Report: Culture of fear leaves gardai unwilling to take decisions
Rank and file cannot speak up about concerns over worries about repercussions, the Cultural Audit said.
A “culture of fear” has left gardai unwilling to take decisions and promoted a “cover your back” mentality across the organisation, a major review said.
The rank and file could not speak up about concerns over worries about repercussions, the Cultural Audit said.
Many believed it would be futile to raise issues, a survey by independent consultants found.
Senior Gardai said additional protected disclosure managers had been appointed and noted the strong belief that policing powers were used appropriately and that the force acted with honesty and integrity.
The report said: “It is also felt that people are only held to account at lower levels which has resulted in a culture of fear and unwillingness to take decisions.
“This has impacted the quality and efficiency of policing but it exists due to a ‘cover your back’ mentality across the organisation.”
It raised concern about the impact of speaking up.
“It is apparent that there is a climate where people believe that senior management don’t encourage open communication or two-way feedback.”
The Disclosures Tribunal at Dublin Castle is investigating matters first raised by Garda whistleblower Maurice McCabe which have reached the highest levels of the force and Government.
He voiced concerns about malpractice and exposed the penalty points controversy, claiming penalties were quashed by senior gardai for reasons of nepotism or favouritism.
The PwC report said: “The perception or the real lack of meritocracy is the greatest area of divergence between the more junior and senior ranks/grades.
“There are strong perceptions of favouritism and nepotism.
“Real or not, this view has created disillusionment and resentment across the organisation.”
It said the promotions system and how it was conducted needed to be reviewed and changed.
Researchers found a view among gardai that senior leadership reacted to external influences at the expense of the organisation – they did not “stand up” sufficiently for it nor push back against unrealistic or unachievable demands.

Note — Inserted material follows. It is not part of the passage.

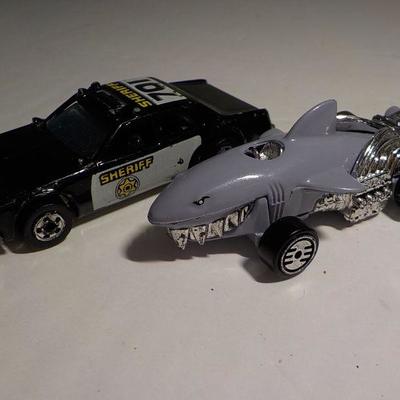 Cool police hot wheel and ultra shark mobile.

Significant shortcomings in front line supervision were articulated.
“We would recommend that the number of sergeants and their coverage across all the units and shifts be looked at as a matter of priority.
“We recognise that this may have financial considerations and may require the support of oversight bodies and/or the government.”
Acting Commissioner Donall O’Cualain said a move was under way to fill sergeant positions by the end of the summer and inspector roles by the end of the year.
He added: “We are seeking a change in the statutory regulations governing promotions to bring increased transparency to the promotions process under our control and bring it in line with the promotions process undertaken by the Policing Authority for senior ranks.”